Cenamos en la cocina, ella picoteando y yo ni siquiera eso. Tengo la foto del periódico pegada a los párpados. Cien veces he querido preguntarle qué opina de esa historia delirante que los periodistas se están inventando, cien veces he querido cogerle la barbilla con ambas manos, mirarla directamente a los ojos y
Recoge la mesa en silencio y me propone un café. Le pido un cigarrillo. Frunce el ceño. Hace años que dejé de fumar.
– ¿Estás seguro de que es eso lo que quieres?
No le contesto.
Me tiende el paquete y luego un mechero. Las primeras caladas hacen chispear mi cerebro. Las siguientes me marean.
– ¿Puedes bajar la luz, por favor?
Apaga la del techo y enciende una lámpara de pie. La relativa penumbra del salón atenúa mi angustia. Dos horas después seguimos en la misma postura, frente a frente, con la mirada perdida en nuestros pensamientos.
– Hay que acostarse -decreta-. Mañana tengo mucho que hacer y me caigo de sueño.
Me instala en otra habitación.
– ¿Estás bien así, necesitas otra almohada?
– Buenas noches, Kim.
Se da una ducha antes de apagar la luz.
Más adelante se acerca a ver si estoy dormido. Yo disimulo.
Ha pasado una semana, durante la cual no he vuelto a poner los pies en mi casa. Kim me tiene alojado en la suya y se cuida mucho de no herir mi susceptibilidad… con más celo que un artificiero manipulando una bomba.
Mis heridas han cicatrizado y la inflamación de mis contusiones ha desaparecido. La rodilla ya no me obliga a cojear, aunque sigo con la muñeca vendada.
Cuando Kim está ausente, me encierro en una habitación y no me muevo de ella. ¿Adónde voy a ir? En la calle no se me ha perdido nada, hoy mucho menos que ayer. De poco sirve intentar reconciliarse con las cosas familiares cuando no hay ánimo para nada. Me siento protegido en la habitación con las cortinas corridas. Allí no corro peligro. No es que esté a gusto, pero al menos no se me importuna. Tengo que recuperarme, no puedo seguir en el pozo. Cuando no se sabe reaccionar y salir del atolladero, se acaba perdiendo el control y se convierte uno en espectador de su propia deriva, sin caer en la cuenta de que el abismo lo está sepultando… Kim me propone una noche ir a la playa, a visitar a su abuelo. Le contesto que no estoy en condiciones de reanudar lo que ya nunca será como antes. Necesito tener perspectiva, comprender lo que me está ocurriendo. Sin embargo, durante el día, me enclaustro en la habitación sin pensar en nada. Cuando no es así, me instalo cerca de la ventana del salón y miro sin ver los coches bullendo por la avenida. Sólo una vez se me ha ocurrido la idea de ponerme al volante de mi coche y conducir al azar hasta que reviente el radiador, pero no he tenido el valor de ir al hospital a recuperar mi coche.
Cuando he vuelto a poder andar sin apoyarme en las paredes, he ido a ver a Naveed Ronnen. Quería ofrecer una sepultura decente a mi mujer. No soportaba la idea de que estuviera en ese cajón frigorífico del depósito de cadáveres, con una etiqueta colgada del dedo gordo del pie. Para ahorrarme un mal rato, Naveed me ha cumplimentado una serie de formularios. Sólo he necesitado firmar.
He pagado la multa y recuperado el cuerpo de mi mujer sin decir nada a nadie. La he enterrado en la más estricta intimidad, en Tel Aviv, la ciudad donde nos encontramos por vez primera y decidimos vivir hasta que la muerte nos separase. En el cementerio sólo estábamos el sepulturero, el imán y yo.

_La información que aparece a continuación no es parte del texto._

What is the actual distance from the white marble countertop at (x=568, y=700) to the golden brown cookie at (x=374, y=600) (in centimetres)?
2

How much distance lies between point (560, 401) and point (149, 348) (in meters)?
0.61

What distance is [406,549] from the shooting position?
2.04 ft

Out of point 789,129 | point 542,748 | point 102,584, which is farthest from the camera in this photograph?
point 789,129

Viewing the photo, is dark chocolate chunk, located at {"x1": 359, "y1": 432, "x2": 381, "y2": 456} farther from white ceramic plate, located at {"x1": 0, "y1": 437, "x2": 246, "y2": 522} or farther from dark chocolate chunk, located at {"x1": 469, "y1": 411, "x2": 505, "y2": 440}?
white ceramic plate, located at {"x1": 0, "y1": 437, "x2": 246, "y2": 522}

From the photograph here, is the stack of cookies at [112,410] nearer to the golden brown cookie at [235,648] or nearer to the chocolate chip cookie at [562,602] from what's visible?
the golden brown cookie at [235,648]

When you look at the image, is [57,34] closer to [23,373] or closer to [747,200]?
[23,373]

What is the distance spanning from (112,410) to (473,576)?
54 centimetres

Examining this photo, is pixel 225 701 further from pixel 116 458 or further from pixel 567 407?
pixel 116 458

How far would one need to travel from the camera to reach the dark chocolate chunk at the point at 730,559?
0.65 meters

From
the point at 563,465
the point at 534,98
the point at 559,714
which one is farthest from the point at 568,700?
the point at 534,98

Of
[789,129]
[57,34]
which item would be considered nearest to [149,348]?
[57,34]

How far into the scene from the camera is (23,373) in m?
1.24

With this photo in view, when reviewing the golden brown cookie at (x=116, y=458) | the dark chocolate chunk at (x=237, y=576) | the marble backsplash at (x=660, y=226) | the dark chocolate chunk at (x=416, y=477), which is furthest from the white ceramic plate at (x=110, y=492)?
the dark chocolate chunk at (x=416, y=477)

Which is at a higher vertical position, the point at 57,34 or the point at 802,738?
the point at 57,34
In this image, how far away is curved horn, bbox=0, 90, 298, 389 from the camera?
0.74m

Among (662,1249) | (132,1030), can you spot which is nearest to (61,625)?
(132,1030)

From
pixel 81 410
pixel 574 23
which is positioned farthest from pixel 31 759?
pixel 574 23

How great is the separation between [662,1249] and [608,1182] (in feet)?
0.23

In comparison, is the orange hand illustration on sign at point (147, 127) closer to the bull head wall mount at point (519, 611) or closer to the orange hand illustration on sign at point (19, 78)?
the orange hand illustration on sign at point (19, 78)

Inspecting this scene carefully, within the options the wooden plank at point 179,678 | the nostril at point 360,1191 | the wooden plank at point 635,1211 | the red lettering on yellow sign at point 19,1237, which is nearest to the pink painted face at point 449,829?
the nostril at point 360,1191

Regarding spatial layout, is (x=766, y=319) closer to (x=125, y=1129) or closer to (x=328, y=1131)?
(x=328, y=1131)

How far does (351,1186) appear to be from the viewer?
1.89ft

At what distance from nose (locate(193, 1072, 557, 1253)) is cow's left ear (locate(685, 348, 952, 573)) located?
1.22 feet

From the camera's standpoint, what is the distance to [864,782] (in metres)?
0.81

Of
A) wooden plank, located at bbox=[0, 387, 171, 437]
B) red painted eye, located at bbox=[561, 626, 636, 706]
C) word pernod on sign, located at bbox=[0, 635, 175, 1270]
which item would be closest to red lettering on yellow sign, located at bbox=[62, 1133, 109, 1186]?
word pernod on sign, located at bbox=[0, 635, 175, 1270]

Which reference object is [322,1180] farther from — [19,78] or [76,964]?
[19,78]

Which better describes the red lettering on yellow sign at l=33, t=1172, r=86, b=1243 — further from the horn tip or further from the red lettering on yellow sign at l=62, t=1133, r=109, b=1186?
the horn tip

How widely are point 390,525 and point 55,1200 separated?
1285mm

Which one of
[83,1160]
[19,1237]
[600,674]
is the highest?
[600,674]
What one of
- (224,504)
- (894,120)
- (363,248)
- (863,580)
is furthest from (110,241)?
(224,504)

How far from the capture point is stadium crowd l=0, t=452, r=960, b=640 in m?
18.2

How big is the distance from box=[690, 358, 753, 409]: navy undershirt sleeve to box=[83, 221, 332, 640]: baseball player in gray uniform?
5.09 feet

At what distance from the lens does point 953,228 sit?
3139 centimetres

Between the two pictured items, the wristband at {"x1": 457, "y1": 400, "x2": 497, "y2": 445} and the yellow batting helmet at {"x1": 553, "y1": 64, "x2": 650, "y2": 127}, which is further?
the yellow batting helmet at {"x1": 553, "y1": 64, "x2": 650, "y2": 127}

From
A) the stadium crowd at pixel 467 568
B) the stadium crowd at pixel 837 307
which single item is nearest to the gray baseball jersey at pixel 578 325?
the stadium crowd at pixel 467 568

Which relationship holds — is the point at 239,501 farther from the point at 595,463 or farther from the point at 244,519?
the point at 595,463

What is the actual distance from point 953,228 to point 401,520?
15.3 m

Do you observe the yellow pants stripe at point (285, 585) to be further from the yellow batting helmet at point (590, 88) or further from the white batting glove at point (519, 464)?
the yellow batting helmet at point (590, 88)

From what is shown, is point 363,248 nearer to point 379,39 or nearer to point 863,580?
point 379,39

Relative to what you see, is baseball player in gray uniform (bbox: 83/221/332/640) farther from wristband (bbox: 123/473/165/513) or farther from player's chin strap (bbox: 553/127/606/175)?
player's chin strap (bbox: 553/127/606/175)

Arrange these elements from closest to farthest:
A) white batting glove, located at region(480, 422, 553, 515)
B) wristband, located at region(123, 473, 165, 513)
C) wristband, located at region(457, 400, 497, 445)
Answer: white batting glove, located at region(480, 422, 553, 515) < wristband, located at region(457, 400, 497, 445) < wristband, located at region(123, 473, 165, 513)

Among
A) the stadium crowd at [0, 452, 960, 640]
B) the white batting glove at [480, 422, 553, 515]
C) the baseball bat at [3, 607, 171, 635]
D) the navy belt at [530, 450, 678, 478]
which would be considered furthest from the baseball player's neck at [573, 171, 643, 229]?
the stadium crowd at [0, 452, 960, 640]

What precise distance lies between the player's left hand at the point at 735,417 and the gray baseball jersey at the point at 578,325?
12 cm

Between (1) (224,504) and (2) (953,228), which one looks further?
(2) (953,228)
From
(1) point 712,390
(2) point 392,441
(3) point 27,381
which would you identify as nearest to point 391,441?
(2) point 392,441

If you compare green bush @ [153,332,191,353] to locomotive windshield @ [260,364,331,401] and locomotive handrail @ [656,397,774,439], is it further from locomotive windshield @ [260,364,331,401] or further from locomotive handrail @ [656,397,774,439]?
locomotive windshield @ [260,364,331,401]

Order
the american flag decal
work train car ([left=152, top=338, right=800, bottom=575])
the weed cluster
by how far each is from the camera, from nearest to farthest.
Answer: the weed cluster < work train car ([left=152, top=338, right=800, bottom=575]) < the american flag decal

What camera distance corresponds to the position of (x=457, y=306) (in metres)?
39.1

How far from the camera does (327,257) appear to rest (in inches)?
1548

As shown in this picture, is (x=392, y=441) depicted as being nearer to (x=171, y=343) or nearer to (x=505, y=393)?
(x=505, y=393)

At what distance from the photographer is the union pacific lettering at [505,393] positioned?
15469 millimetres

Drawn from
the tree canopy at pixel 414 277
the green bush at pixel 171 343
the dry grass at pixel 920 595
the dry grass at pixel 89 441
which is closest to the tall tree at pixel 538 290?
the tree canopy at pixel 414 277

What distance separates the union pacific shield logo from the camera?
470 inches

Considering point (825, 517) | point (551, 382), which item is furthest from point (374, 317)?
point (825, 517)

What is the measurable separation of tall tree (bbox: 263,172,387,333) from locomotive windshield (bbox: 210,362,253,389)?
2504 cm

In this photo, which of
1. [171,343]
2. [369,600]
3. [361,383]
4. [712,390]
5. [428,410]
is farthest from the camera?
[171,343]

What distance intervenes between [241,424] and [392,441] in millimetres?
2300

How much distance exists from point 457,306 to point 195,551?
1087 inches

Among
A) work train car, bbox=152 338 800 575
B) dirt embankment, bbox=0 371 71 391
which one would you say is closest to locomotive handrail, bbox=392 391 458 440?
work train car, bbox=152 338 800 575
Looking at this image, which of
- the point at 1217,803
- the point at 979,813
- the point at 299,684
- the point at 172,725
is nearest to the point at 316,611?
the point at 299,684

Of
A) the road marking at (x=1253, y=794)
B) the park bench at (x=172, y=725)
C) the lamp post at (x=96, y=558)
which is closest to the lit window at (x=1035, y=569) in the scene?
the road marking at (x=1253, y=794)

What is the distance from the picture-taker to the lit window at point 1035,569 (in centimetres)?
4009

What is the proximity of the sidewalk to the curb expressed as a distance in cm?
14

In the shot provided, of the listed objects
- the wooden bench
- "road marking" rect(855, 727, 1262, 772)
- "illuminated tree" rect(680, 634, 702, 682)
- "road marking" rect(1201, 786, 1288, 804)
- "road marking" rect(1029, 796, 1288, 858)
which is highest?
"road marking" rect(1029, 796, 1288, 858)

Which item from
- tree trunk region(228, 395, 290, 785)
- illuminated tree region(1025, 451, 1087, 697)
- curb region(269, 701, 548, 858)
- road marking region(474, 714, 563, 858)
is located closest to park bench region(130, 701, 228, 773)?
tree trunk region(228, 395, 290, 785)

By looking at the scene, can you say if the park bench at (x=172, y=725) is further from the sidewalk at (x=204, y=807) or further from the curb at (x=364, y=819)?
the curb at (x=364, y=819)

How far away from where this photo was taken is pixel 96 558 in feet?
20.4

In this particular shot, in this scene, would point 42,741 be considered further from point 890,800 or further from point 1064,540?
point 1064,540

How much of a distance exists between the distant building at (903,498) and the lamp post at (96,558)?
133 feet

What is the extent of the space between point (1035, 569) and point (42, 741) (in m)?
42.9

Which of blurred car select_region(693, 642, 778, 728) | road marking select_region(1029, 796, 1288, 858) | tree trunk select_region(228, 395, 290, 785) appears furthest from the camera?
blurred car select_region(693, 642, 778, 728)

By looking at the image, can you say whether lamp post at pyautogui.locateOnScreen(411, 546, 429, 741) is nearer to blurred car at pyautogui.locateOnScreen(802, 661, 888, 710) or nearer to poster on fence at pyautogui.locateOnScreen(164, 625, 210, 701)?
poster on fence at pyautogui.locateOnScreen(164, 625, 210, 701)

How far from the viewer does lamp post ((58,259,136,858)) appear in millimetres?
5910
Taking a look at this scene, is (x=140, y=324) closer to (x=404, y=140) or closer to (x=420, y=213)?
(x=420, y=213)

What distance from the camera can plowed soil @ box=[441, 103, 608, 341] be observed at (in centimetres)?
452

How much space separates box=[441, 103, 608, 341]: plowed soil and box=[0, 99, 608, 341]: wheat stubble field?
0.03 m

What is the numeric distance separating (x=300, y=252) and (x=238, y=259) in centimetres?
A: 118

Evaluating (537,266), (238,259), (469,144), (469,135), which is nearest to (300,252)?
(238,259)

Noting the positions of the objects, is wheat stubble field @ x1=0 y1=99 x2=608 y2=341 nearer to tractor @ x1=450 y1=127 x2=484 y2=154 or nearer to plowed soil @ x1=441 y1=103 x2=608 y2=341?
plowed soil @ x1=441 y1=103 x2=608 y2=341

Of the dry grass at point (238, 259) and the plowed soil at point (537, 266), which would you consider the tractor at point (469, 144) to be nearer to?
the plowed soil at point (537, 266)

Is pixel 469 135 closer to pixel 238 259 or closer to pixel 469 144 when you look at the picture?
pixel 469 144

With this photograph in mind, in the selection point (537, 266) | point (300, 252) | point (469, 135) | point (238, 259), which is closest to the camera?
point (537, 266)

Una vez cubierta la zanja donde reposará por siempre lo mejor de mi vida, me siento algo mejor. Es como si acabase de cumplir con una tarea inconcebible. Escucho hasta el final al imán recitando unos versículos, le entrego unos billetes que coge con mano huidiza y regreso a la ciudad.
Camino a lo largo de la explanada que da al mar. Unos turistas se fotografían saludándose. Algunas jóvenes parejas se galantean a la sombra de los árboles; otras se pasean cogidas de la mano por el muelle. Me meto en un bar y pido un café, me siento tras la vitrina y me pongo a fumar sin parar.
El sol empieza a decaer. Detengo un taxi y le pido que me lleve a Sederot Yerushalayim.
Hay gente en casa de Kim. No me oyen cuando entro. No puedo ver el salón desde el vestíbulo. Reconozco la voz de Ezra Benhaím, la de Naveed, mucho más fuerte, y la más clara de Benjamin, el hermano de Kim.
– No veo la relación -dice Ezra tras un carraspeo.